* [Data excerpts]:
* * * * * * * * *

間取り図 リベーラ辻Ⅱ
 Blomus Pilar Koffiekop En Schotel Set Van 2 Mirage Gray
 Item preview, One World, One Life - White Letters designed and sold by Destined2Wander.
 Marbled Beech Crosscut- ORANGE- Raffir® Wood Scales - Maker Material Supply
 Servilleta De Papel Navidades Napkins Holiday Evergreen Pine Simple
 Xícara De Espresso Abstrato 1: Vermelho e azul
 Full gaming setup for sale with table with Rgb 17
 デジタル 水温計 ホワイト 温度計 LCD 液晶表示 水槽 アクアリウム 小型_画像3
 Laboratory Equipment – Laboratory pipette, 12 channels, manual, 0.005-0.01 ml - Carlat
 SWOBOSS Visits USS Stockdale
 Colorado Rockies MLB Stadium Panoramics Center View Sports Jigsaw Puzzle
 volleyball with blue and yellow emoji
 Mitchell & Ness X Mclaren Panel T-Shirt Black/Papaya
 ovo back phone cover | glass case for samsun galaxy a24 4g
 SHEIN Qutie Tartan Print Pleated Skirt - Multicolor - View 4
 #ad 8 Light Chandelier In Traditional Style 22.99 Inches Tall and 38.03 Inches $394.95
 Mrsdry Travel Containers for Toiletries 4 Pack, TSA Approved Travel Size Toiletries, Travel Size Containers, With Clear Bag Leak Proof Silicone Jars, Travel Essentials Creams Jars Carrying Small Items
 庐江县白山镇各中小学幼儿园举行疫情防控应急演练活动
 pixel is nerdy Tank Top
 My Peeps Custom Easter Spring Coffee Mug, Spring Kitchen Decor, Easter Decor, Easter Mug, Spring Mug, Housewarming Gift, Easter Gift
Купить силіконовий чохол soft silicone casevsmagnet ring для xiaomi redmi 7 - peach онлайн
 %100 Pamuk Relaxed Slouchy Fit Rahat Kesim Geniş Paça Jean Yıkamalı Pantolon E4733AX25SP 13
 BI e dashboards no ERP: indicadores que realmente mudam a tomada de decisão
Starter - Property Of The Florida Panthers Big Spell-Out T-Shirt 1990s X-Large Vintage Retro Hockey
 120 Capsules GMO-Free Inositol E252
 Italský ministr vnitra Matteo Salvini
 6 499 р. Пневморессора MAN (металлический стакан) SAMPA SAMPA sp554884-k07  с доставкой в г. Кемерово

* * * * * * * * *

Write out the records in full, exactly as they appear above.

* [Solution to the problem]:
間取り図 リベーラ辻Ⅱ
 Blomus Pilar Koffiekop En Schotel Set Van 2 Mirage Gray
 Item preview, One World, One Life - White Letters designed and sold by Destined2Wander.
 Marbled Beech Crosscut- ORANGE- Raffir® Wood Scales - Maker Material Supply
 Servilleta De Papel Navidades Napkins Holiday Evergreen Pine Simple
 Xícara De Espresso Abstrato 1: Vermelho e azul
 Full gaming setup for sale with table with Rgb 17
 デジタル 水温計 ホワイト 温度計 LCD 液晶表示 水槽 アクアリウム 小型_画像3
 Laboratory Equipment – Laboratory pipette, 12 channels, manual, 0.005-0.01 ml - Carlat
 SWOBOSS Visits USS Stockdale
 Colorado Rockies MLB Stadium Panoramics Center View Sports Jigsaw Puzzle
 volleyball with blue and yellow emoji
 Mitchell & Ness X Mclaren Panel T-Shirt Black/Papaya
 ovo back phone cover | glass case for samsun galaxy a24 4g
 SHEIN Qutie Tartan Print Pleated Skirt - Multicolor - View 4
 #ad 8 Light Chandelier In Traditional Style 22.99 Inches Tall and 38.03 Inches $394.95
 Mrsdry Travel Containers for Toiletries 4 Pack, TSA Approved Travel Size Toiletries, Travel Size Containers, With Clear Bag Leak Proof Silicone Jars, Travel Essentials Creams Jars Carrying Small Items
 庐江县白山镇各中小学幼儿园举行疫情防控应急演练活动
 pixel is nerdy Tank Top
 My Peeps Custom Easter Spring Coffee Mug, Spring Kitchen Decor, Easter Decor, Easter Mug, Spring Mug, Housewarming Gift, Easter Gift
Купить силіконовий чохол soft silicone casevsmagnet ring для xiaomi redmi 7 - peach онлайн
 %100 Pamuk Relaxed Slouchy Fit Rahat Kesim Geniş Paça Jean Yıkamalı Pantolon E4733AX25SP 13
 BI e dashboards no ERP: indicadores que realmente mudam a tomada de decisão
Starter - Property Of The Florida Panthers Big Spell-Out T-Shirt 1990s X-Large Vintage Retro Hockey
 120 Capsules GMO-Free Inositol E252
 Italský ministr vnitra Matteo Salvini
 6 499 р. Пневморессора MAN (металлический стакан) SAMPA SAMPA sp554884-k07  с доставкой в г. Кемерово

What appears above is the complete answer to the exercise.